NEW YORK (CNNMoney) -- American Airlines canceled 250 flights this week and will cut capacity by up to 2% through the end of October, as pilots unhappy with their labor contract have started to call in sick.
The pilot's union had a new labor agreement imposed on it by the bankruptcy court after rank-and-file pilots last month rejected the tentative deal that their union, the Allied Pilots Association, had reached with management. Members of other unions at American, representing flight attendants and ground workers, have ratified their own concession deals with the airline.
Airline spokesman Bruce Hicks said the airline is not aware of any organized job action by the pilots. But he said there has been an increase in the number of pilots calling in sick. There has also been an increase in flight crews filing maintenance reports on their aircraft, which is causing flights to be canceled.
The airline normally flies about 1,700 flights a day. The increase in flight cancelations started on Sunday. Hicks did not have details on the number of flights canceled each day. But he did say that the 250 canceled flights were canceled in advance by the airline in order to give customers time to change their travel plans.

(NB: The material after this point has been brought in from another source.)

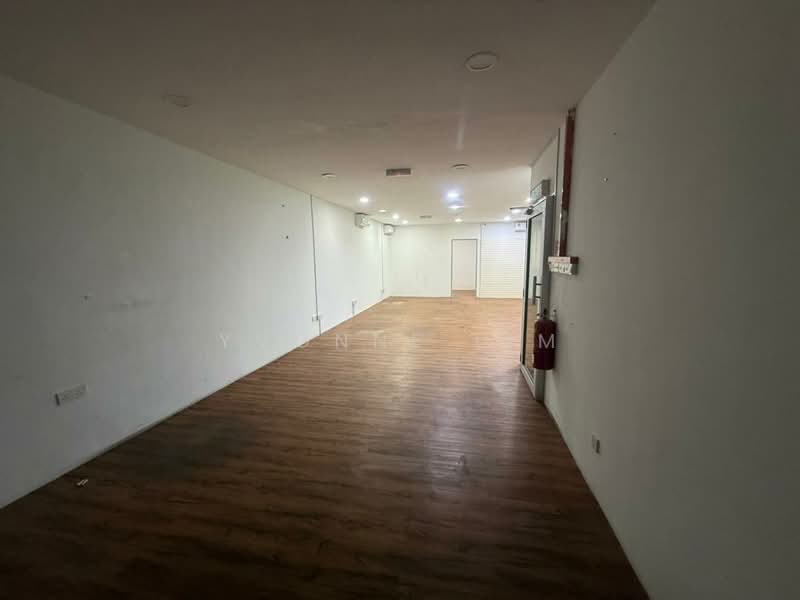Kedai untuk Disewa di Taman Desa Cemerlang (Ulu Tiram) - Yvonne Lim - Interior - PropertyGuru.com.my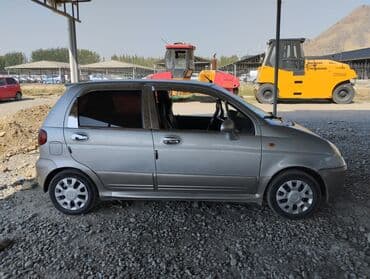 зимный шыны: Хэтчбек Daewoo Matiz серого цвета с четырьмя дверями и компактным — 3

The pilot's union was not immediately available for comment. A message to members from union President Keith Wilson on the union's Web site Tuesday stated, "The pilots of American Airlines are angry. While AMR management continues paying lip service to needing a consensual agreement with us, their punitive approach of extracting far more value than they need is hardly conducive to reaching a consensual agreement." The union's site also advised pilots that " If you are unfit to come to work, protect yourself with a doctor's visit or some other kind of supporting documentation."
American Airlines parent AMR filed for bankruptcy in November, 2011, citing the need to cut labor costs in order to be competitive with other carriers that have already gone through bankruptcy, including United Continental, Delta Air Lines and US Airways.